A few dedicated marketplaces have dominated the NFT industry thus far, but some of the leading cryptocurrency exchanges have recently begun to move in on the space. In June, the world’s largest exchange Binance launched its own NFT marketplace. NFTs can work like any other speculative asset: you buy it and hope that the value of it goes up so that you can sell for a profit.
So is this just the latest way to try to make shed loads of money or is it a sustainable trend in digital consumerism. In March, crypto firm Injective Protocol paid $95,000 for Morons, a physical artwork by Banksy depicting an auctioneer selling a framed picture bearing the words “I can’t believe you morons actually buy this shit.” The picture was then burned, and a digital token of it was sold for $380,000.
But as mentioned above, it’s also about a better deal for artists. Founded in 2018, Lobus allows artists to self-manage their assets, and it manages some $7bn in assets for clients such as the Rothko family and Louis Vuitton Foundation. Lobus’s asset management platform intends to bring creator-friendly mechanisms from NFT marketplaces to the physical art world, allowing art owners to maintain partial ownership of the works they sell so that they can benefit from any future secondary transactions.
Enabling artists to maintain fractional ownership is a radical idea and a bureaucratic hurdle that can be overcome by the blockchain approach to ownership. But one of Lobus’s major aims is to remove the complexities of understanding what the blockchain is and instead focus on what its tech can deliver to its network of art owners.

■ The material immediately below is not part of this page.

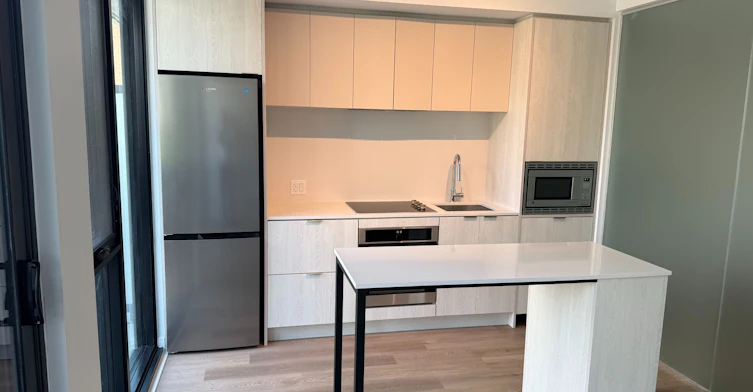 324-3009 Novar Road E, Mississauga, ON, L5B 0K2 - 9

While the NFT boom of recent months has resulted in billions in sales, companies such as Lobus are attempting to cross-fertilise the mechanics of crypto art with the global art market in an attempt to put stakeholders across the board on the same footing. As well as having partnerships with around 300 artists, Lobus has sold its platform to collectors, artist estates and asset managers.
Abstract painter Lucien Smith recently joined Lobus as the director of its Cultural Innovation Lab, where he will pitch to artists on using blockchain technology to manage their assets. Smith says he was instantly attracted to the potential of smart contracts to ensure that each time an NFT is sold, a percentage goes automatically to the artist, with pay-outs triggered during a sale rather than having to go through a lawyer or chase someone down for resale payment.
As a model for trading art then, this appears very egalitarian, built on the principles of financial transparency, royalties and easy access. Supporters believe that NFTs can challenge commercial galleries’ monopoly on trading art. Some envisage a future where digital artworks are the norm, having replaced their traditional counterparts. Others however denounce what they see as a bubble that will surely burst.
And market prices have become very inflated this year. Twitter founder Jack Dorsey’s first ever tweet sold for the equivalent of £2.1m to a Malaysia-based businessman, who was bought it using the ether cryptocurrency. Estavi posted on Twitter: “This is not just a tweet!. I think years later people will realize the true value of this tweet, like the Mona Lisa painting.”
What happens next is hard to know. Whatever the value of NFTs from an artistic point of view, part of the monetary value resides in the fact that they are first – some works have value just for being pioneering. As time passes and the market develops, we’ll find out it proves to be a fad or a something that endures.